RFK Rankings · Oslo
Best Anniversary Restaurants in Oslo 2026
Anniversary · Oslo · 8 rooms ranked · Updated May 2026
Compiled by the Restaurants for Kings editorial team · Published January 22, 2025 · Updated May 21, 2026
The floor team at Statholdergaarden recognises the couples who come back every winter, and that recognition is most of what an anniversary dinner is for. A milestone needs a room that remembers you, a kitchen that will mark the date without making a circus of it, and a table you would happily sit at again twelve months later. Noise works against all three. So does a kitchen running a rigid clock. The right anniversary room in Oslo is intimate, well lit for two faces rather than a phone camera, and confident enough to send out a candle and a written note without being asked twice. These eight rooms, ranked, are built to be returned to.
1.Statholdergaarden
Bent Stiansen has held a Michelin star here since 1998; a 17th-century room built for milestones. Book it for the big anniversary.

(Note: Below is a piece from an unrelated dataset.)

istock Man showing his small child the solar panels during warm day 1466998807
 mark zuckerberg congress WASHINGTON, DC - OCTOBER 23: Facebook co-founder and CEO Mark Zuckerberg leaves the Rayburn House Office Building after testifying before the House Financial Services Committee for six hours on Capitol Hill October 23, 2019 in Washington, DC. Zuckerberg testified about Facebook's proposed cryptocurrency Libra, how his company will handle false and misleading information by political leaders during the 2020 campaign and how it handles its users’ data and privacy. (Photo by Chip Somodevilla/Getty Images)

Bent Stiansen, the first Scandinavian to win the Bocuse d'Or in 1993, has defended one Michelin star at Statholdergaarden every year since 1998, and now runs the seventeenth-century Kvadraturen mansion with his daughter Natascha. The Norwegian-French cooking is classical and seasonal, with langoustine in a rich bisque and seared halibut among the regular signatures, at roughly NOK 3,000 a head for the full dinner. The continuity is the point on an anniversary: the same star, the same family, the same ornate stuccoed rooms a couple booked five years ago. Reserve two to three weeks out, mention the occasion when you book, and ask for one of the smaller upstairs rooms.
Book direct two to three weeks ahead and flag the anniversary.
2.À L'aise
Ulrik Jepsen's pressed duck, carved tableside, in elegant Frogner; NOK 1,795 of quiet theatre. Reserve it for an anniversary worth dressing for.
À L'aise sits in residential Frogner near the Vigeland sculpture park, where the Danish chef Ulrik Jepsen, trained at the Waterside Inn, has cooked classical French haute cuisine listed in the Michelin Guide since 2019. The pressed duck, carved and finished tableside, and the cannelloni with Perigord truffle are the dishes to build the night around, on a tasting menu at NOK 1,795 with a wine pairing at NOK 1,595. For an anniversary it is grown-up and warm rather than austere: low light, unhurried service and the small ceremony of the duck press give a couple something to share. Reserve a fortnight ahead, request a quieter corner, and let the sommelier run the pairing.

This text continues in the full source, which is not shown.